> INSTRUCTIONS TO FOLLOW:
Every line from the top of the records through the one bearing "Ostmoderner Omnibusbahnhof" is to be reproduced exactly, and pictures are to be left out.

* * * * * * * * *

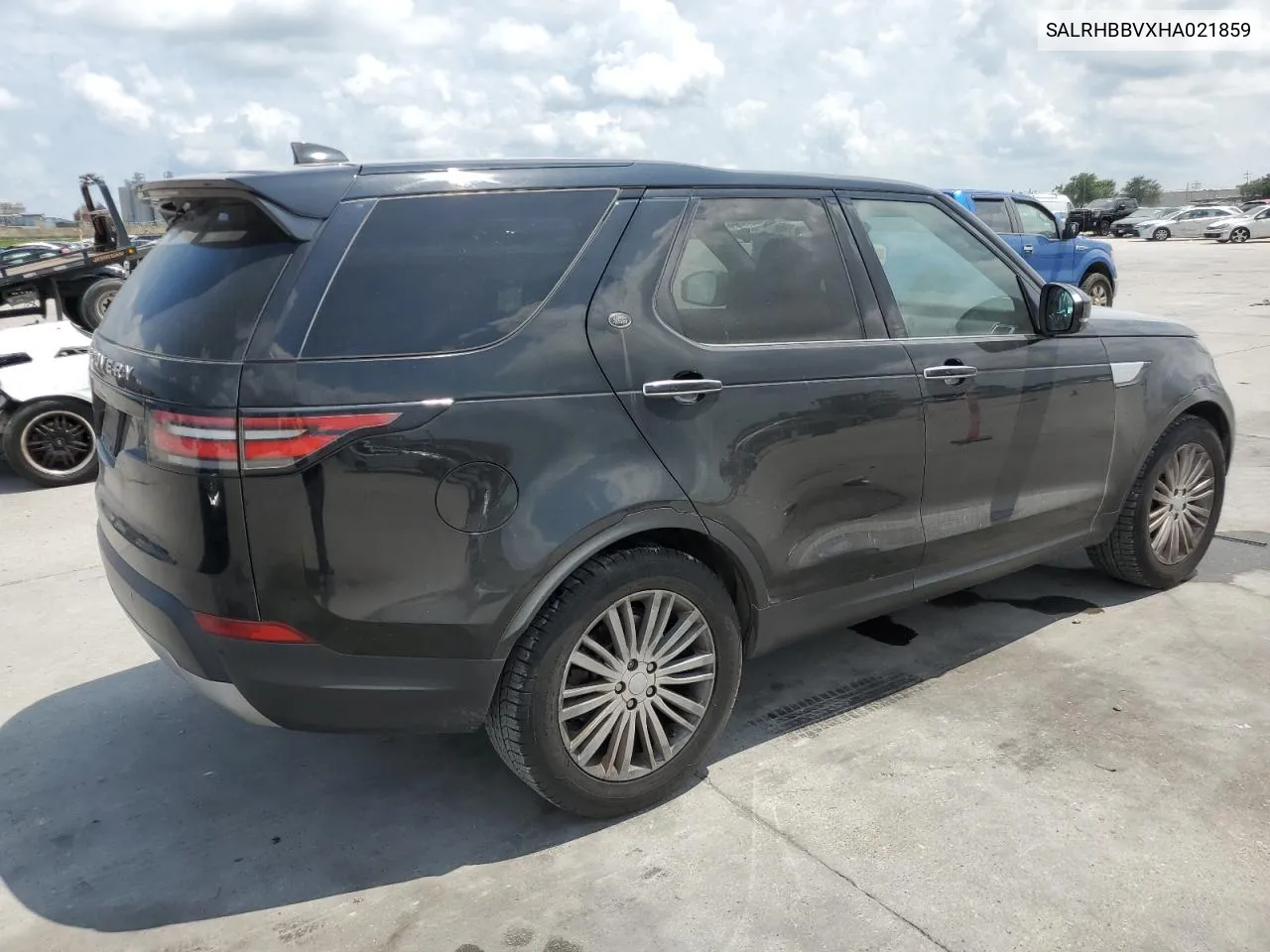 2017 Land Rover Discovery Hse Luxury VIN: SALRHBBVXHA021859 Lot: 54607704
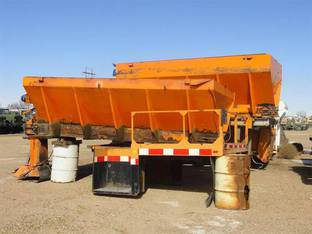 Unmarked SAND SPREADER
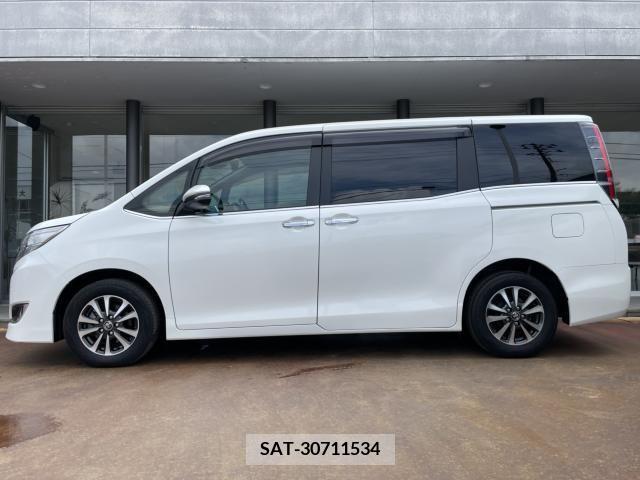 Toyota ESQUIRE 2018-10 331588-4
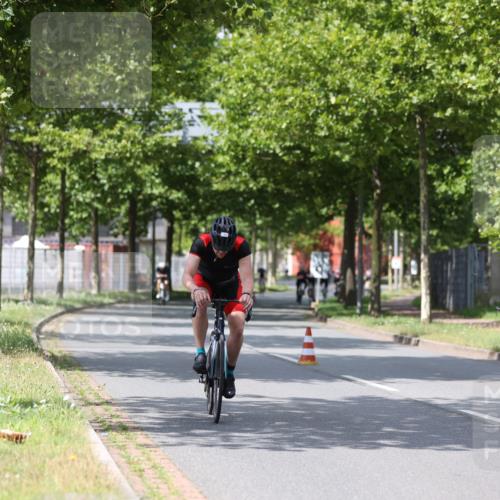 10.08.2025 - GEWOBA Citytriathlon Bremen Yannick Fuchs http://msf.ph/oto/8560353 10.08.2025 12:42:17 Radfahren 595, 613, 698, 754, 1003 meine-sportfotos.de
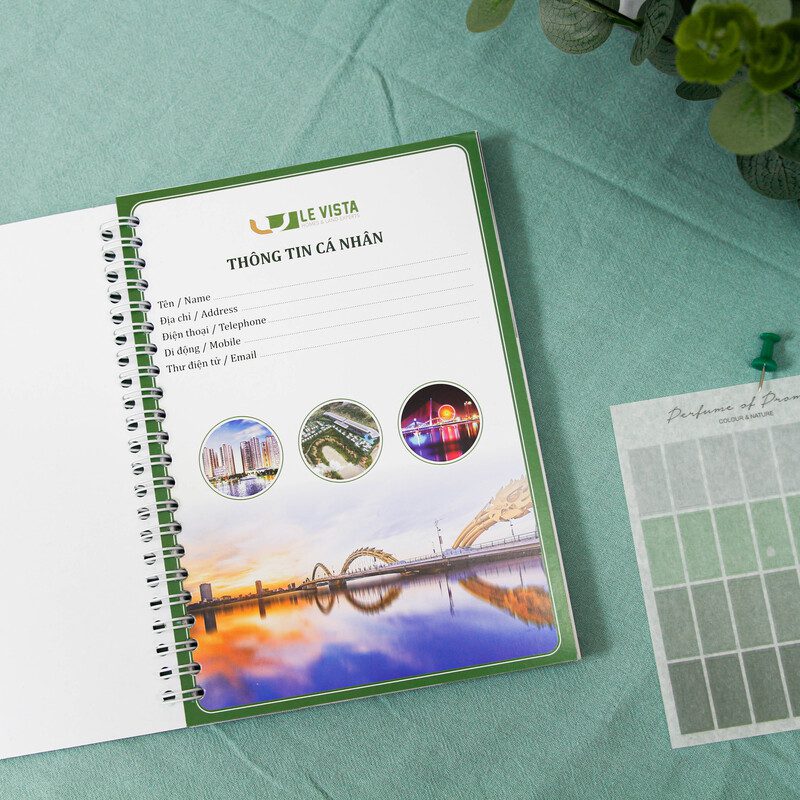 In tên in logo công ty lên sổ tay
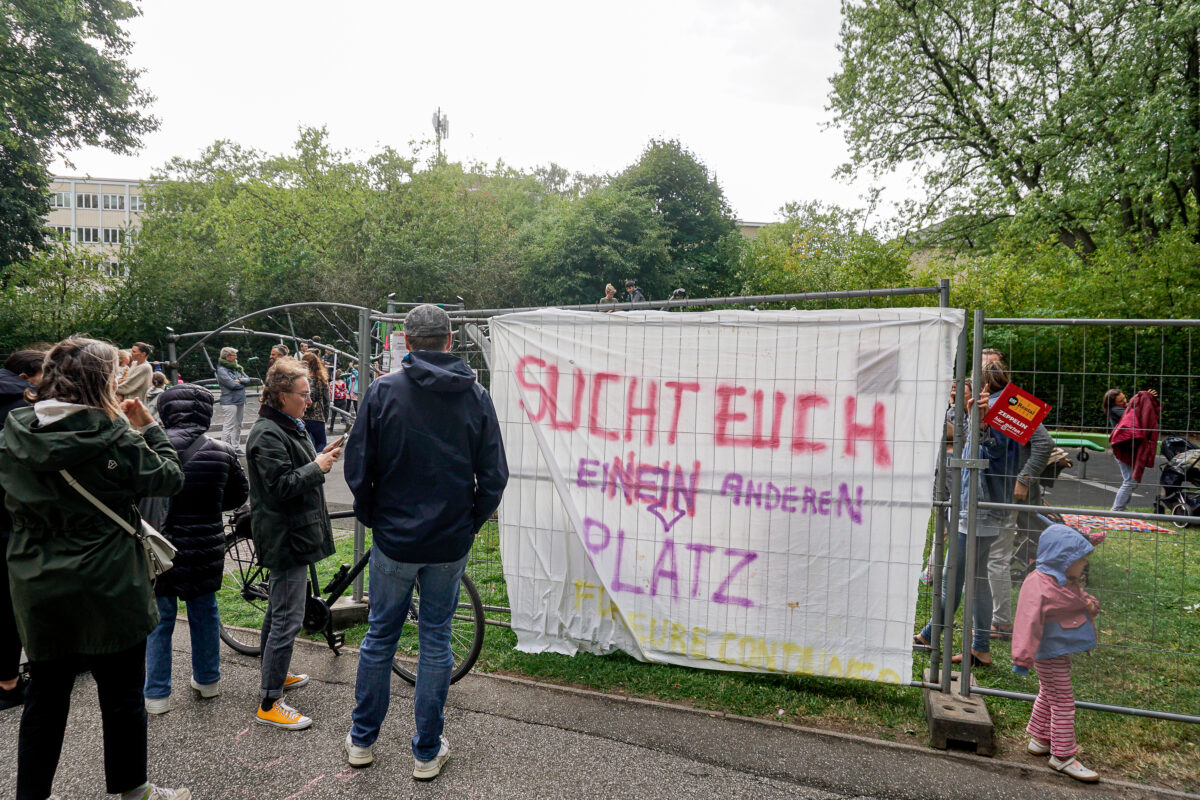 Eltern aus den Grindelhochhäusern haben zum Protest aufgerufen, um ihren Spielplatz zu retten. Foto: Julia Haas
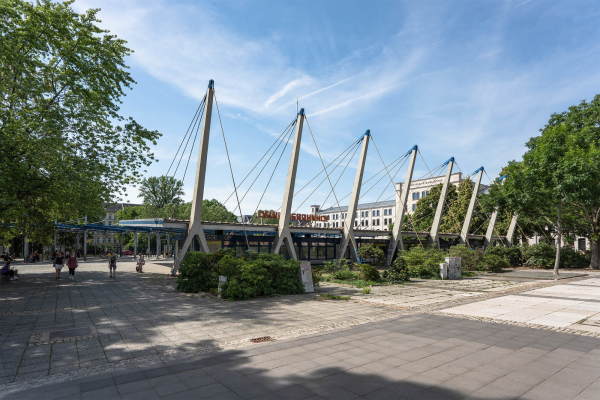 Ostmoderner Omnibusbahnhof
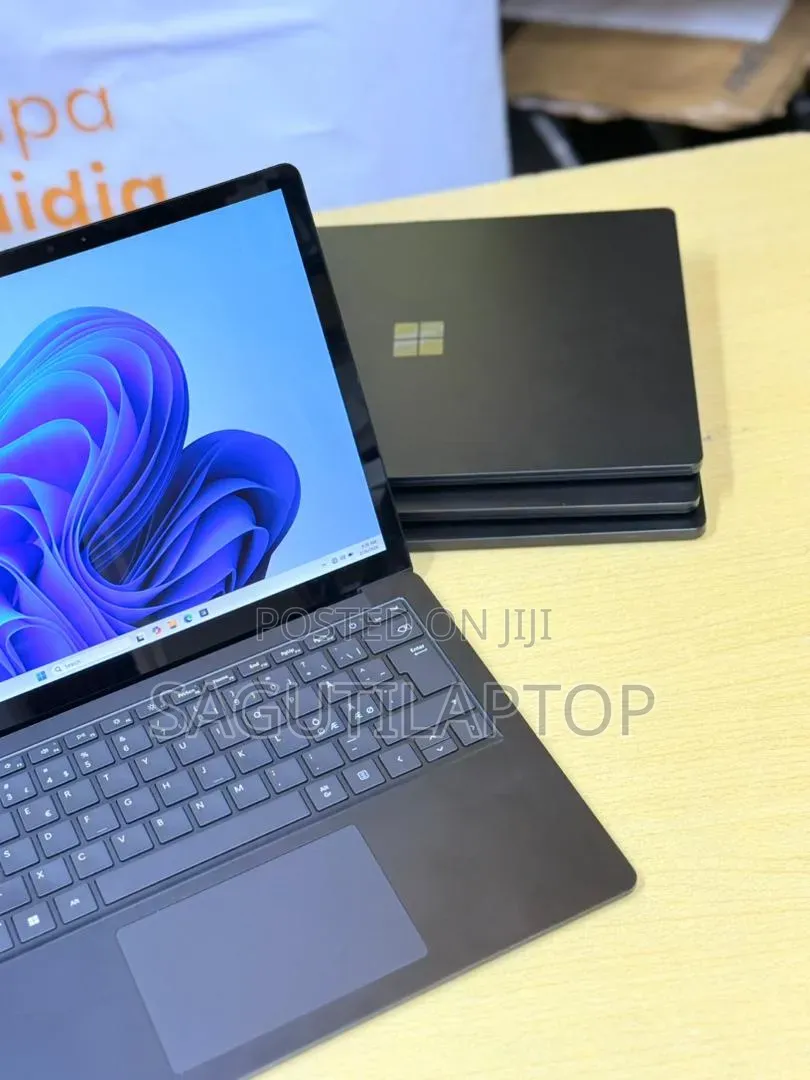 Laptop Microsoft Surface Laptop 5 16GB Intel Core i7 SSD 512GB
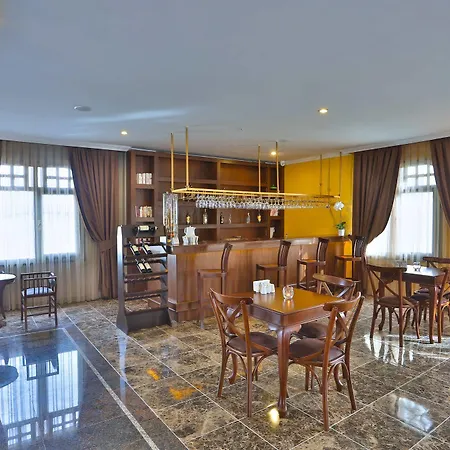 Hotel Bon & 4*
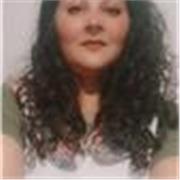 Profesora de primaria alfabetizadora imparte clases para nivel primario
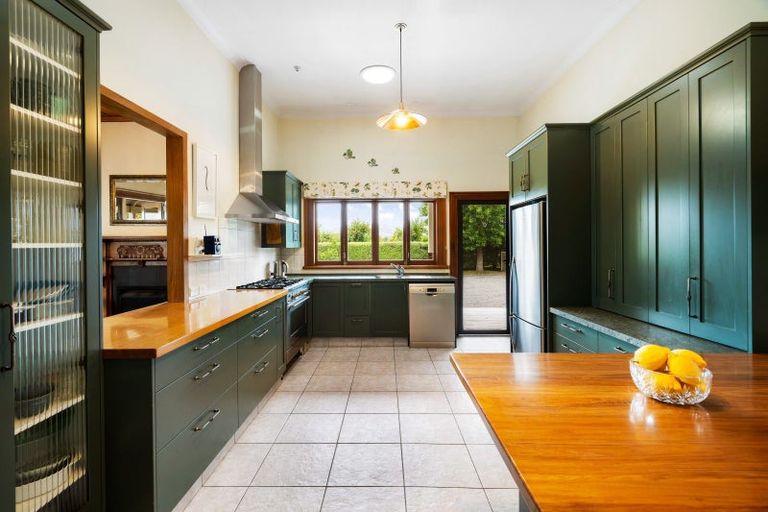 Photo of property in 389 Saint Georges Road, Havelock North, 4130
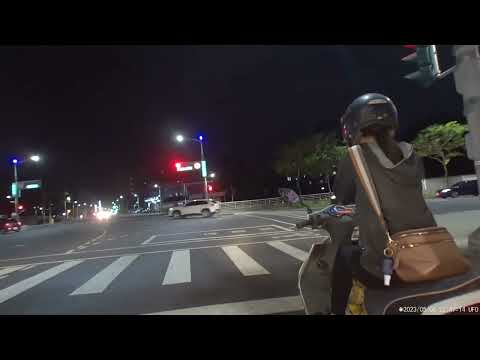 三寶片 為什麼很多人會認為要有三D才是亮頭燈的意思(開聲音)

* * * * * * * * *

> TASK RESULT:
 2017 Land Rover Discovery Hse Luxury VIN: SALRHBBVXHA021859 Lot: 54607704
 Unmarked SAND SPREADER
 Toyota ESQUIRE 2018-10 331588-4
 10.08.2025 - GEWOBA Citytriathlon Bremen Yannick Fuchs http://msf.ph/oto/8560353 10.08.2025 12:42:17 Radfahren 595, 613, 698, 754, 1003 meine-sportfotos.de
 In tên in logo công ty lên sổ tay
 Eltern aus den Grindelhochhäusern haben zum Protest aufgerufen, um ihren Spielplatz zu retten. Foto: Julia Haas
 Ostmoderner Omnibusbahnhof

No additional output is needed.